Я надеялся на солидарность между генералами. Я был уверен, что ген. Клембовский станет на точку зрения Корнилова – необходимости спасать, но не разрушать армию.
Драгуны разошлись по вагонам, и через полчаса их эшелоны потянулись по свободному пути на Псков.
В 5 часов пополудни прибыл и мой псковский поезд, и я поехал с ним, обгоняя в пути драгунские эшелоны.
Ночь была темная, августовская. На остановках то я, то сотник Генералов выходили на станции и ходили мимо драгунских эшелонов. И почти всюду мы видели одну и ту же картину: где на путях, где в вагоне, на седлах у склонившихся к ним головами вороных и караковых лошадей сидели или стояли драгуны и среди них – юркая личность в солдатской шинели. Слышались отрывистые фразы.
– Товарищи, что же вы!

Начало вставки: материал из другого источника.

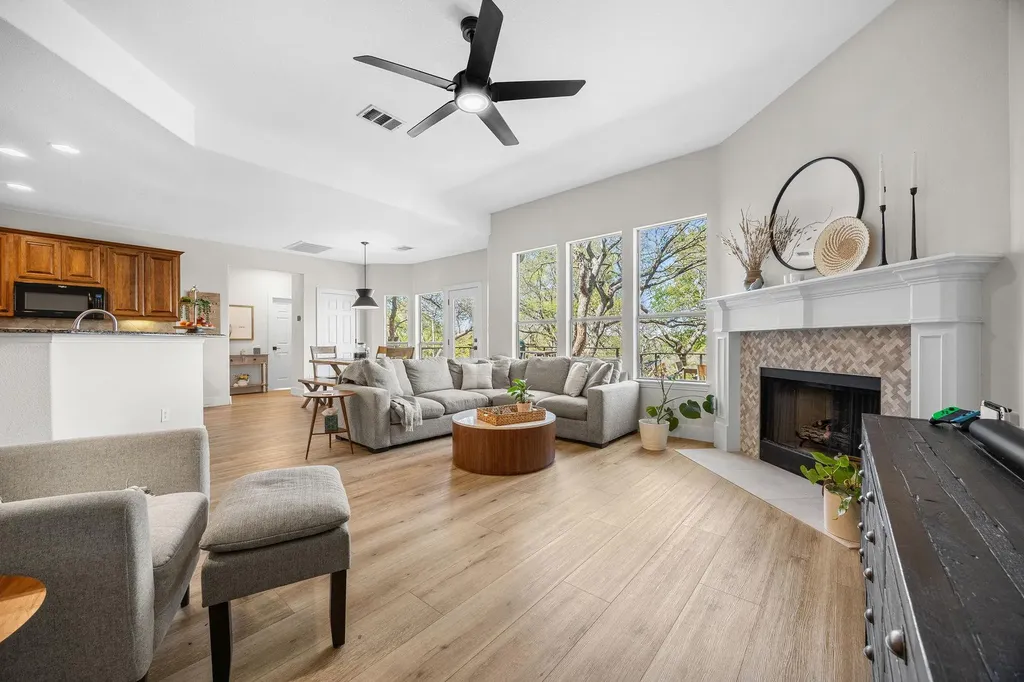 128 Las Colinas Drive Georgetown TX 78628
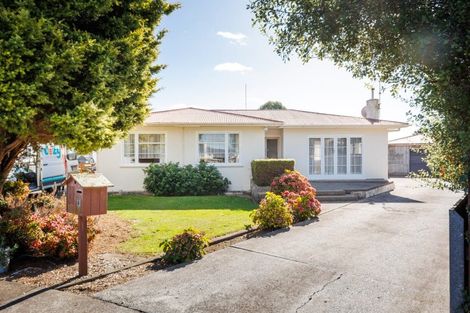 Photo of property in 11 Moray Place, Highbury, Palmerston North, 4412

Керенский вас из-под офицерской палки вывел, свободу вам дал, а вы опять захотели тянуться перед офицером, да чтобы в зубы вам тыкали? Так, что ли?

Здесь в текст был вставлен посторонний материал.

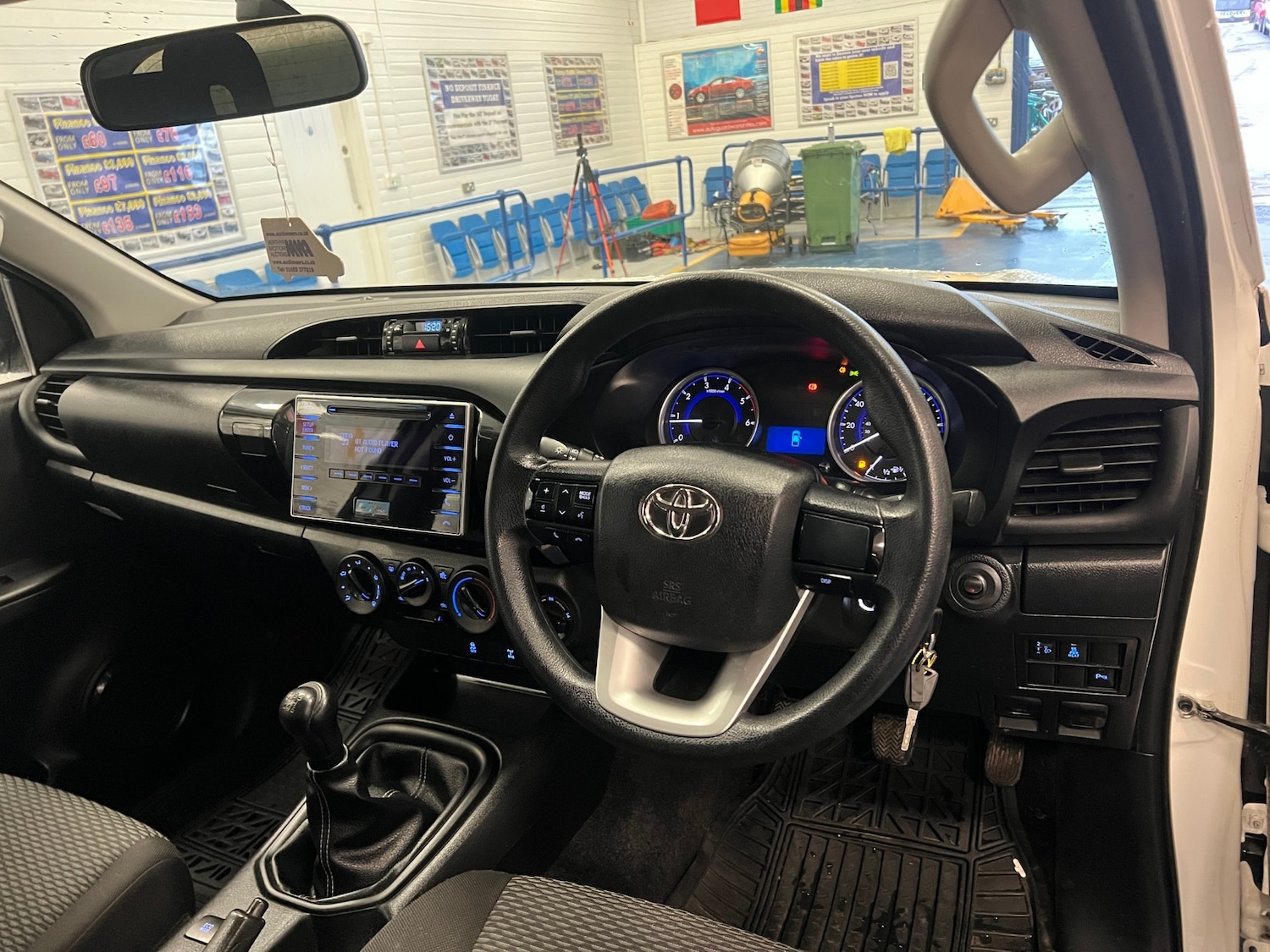 Used Toyota Hilux 2017 for sale - 77687562: Photo 17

– Товарищи! Керенский – за свободу и счастье народа, а ген. Корнилов – за дисциплину и смертную казнь. Ужели вы с Корниловым?
– Товарищи! Корнилов – изменник России и идет вести вас на бой на защиту иностранного капитала. Он большие деньги на то получил, а Керенский хочет мира!
Молчали драгуны, но лица их становились все сумрачнее и сумрачнее.
Приверженцы Керенского пустили по железным дорогам тысячи агитаторов, и ни одного не было от Корнилова.
Какая страшная драма разыгрывалась в темной душе солдата в эти дни? Какие ужасные мысли медленно ползли и копошились в его мозгу? Начальники с верховным главнокомандующим ген. Корниловым вели солдат против Временного правительства, того Временного правительства, которое дало им неслыханную свободу, которое попустительствовало им в их преступлениях против начальников и, не отказываясь на словах, отказалось на деле от войны, потому что лето – период упорных сражений – проходило тихо, если не считать двух неудавшихся наступлений, – июньского на Юго-Западном фронте и июльского – на Северном, сорванных солдатами, оставшимися совершенно безнаказанными.
После революции, даже и помимо приказа № 1, между офицерами и солдатами появилась пропасть. Революция для солдата – это была свобода, а свобода – отрицание войны. После революции и отречения императора война исчезла из понятия солдата. Ведь войну все время называли капиталистически-империалистской. Императора больше не было; для того чтобы окончательно освободиться от войны, надо было теперь освободиться от капиталистов; об этом откровенно кричали по всей армии большевики.